Write a function to compute the square distance.

In [ ]:

# GRADED_FUNCTION: sq_dist
# UNQ_C2
def sq_dist(a,b):
    """
    Returns the squared distance between two vectors
    Args:
      a (ndarray (n,)): vector with n features
      b (ndarray (n,)): vector with n features
    Returns:
      d (float) : distance
    """
    ### START CODE HERE ###     
    
    ### END CODE HERE ###     
    return (d)

In [ ]:

# Public tests
test_sq_dist(sq_dist)

In [ ]:

a1 = np.array([1.0, 2.0, 3.0]); b1 = np.array([1.0, 2.0, 3.0])
a2 = np.array([1.1, 2.1, 3.1]); b2 = np.array([1.0, 2.0, 3.0])
a3 = np.array([0, 1, 0]);       b3 = np.array([1, 0, 0])
print(f"squared distance between a1 and b1: {sq_dist(a1, b1)}")
print(f"squared distance between a2 and b2: {sq_dist(a2, b2)}")
print(f"squared distance between a3 and b3: {sq_dist(a3, b3)}")

Click for hints

While a summation is often an indication a for loop should be used, here the subtraction can be element-wise in one statement. Further, you can utilized np.square to square, element-wise, the result of the subtraction. np.sum can be used to sum the squared elements.

A matrix of distances between movies can be computed once when the model is trained and then reused for new recommendations without retraining. The first step, once a model is trained, is to obtain the movie feature vector, $v_m$ , for each of the movies. To do this, we will use the trained item_NN and build a small model to allow us to run the movie vectors through it to generate $v_m$ .

In [ ]:

input_item_m = tf.keras.layers.Input(shape=(num_item_features))    # input layer
vm_m = item_NN(input_item_m)                                       # use the trained item_NN
vm_m = tf.linalg.l2_normalize(vm_m, axis=1)                        # incorporate normalization as was done in the original model
model_m = Model(input_item_m, vm_m)                                
model_m.summary()

Once you have a movie model, you can create a set of movie feature vectors by using the model to predict using a set of item/movie vectors as input. item_vecs is a set of all of the movie vectors. Recall that the same movie will appear as a separate vector for each of its genres. It must be scaled to use with the trained model. The result of the prediction is a 32 entry feature vector for each movie.

In [ ]:

scaled_item_vecs = scalerItem.transform(item_vecs)
vms = model_m.predict(scaled_item_vecs[:,i_s:])
print(f"size of all predicted movie feature vectors: {vms.shape}")
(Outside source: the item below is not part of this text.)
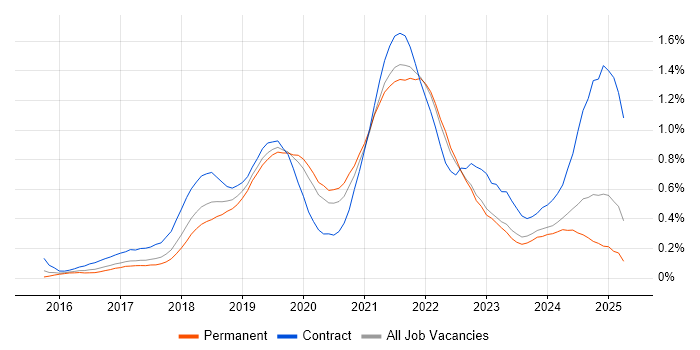 Job vacancy trend for Postman in Yorkshire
Let's now compute a matrix of the squared distance between each movie feature vector and all other movie feature vectors:

We can then find the closest movie by finding the minimum along each row. We will make use of numpy masked arrays to avoid selecting the same movie. The masked values along the diagonal won't be included in the computation.

In [ ]:

count = 50
dim = len(vms)
dist = np.zeros((dim,dim))

for i in range(dim):
    for j in range(dim):
        dist[i,j] = sq_dist(vms[i, :], vms[j, :])
        
m_dist = ma.masked_array(dist, mask=np.identity(dist.shape[0]))  # mask the diagonal

disp = [["movie1", "genres", "movie2", "genres"]]
for i in range(count):
    min_idx = np.argmin(m_dist[i])
    movie1_id = int(item_vecs[i,0])
    movie2_id = int(item_vecs[min_idx,0])
    genre1,_  = get_item_genre(item_vecs[i,:], ivs, item_features)
    genre2,_  = get_item_genre(item_vecs[min_idx,:], ivs, item_features)

    disp.append( [movie_dict[movie1_id]['title'], genre1,
                  movie_dict[movie2_id]['title'], genre2]
               )
table = tabulate.tabulate(disp, tablefmt='html', headers="firstrow", floatfmt=[".1f", ".1f", ".0f", ".2f", ".2f"])
table

The results show the model will suggest a movie from the same genre.

4 - Congratulations!

You have completed a content-based recommender system.

This structure is the basis of many commercial recommender systems. The user content can be greatly expanded to incorporate more information about the user if it is available. Items are not limited to movies. This can be used to recommend any item, books, cars or items that are similar to an item in your 'shopping cart'.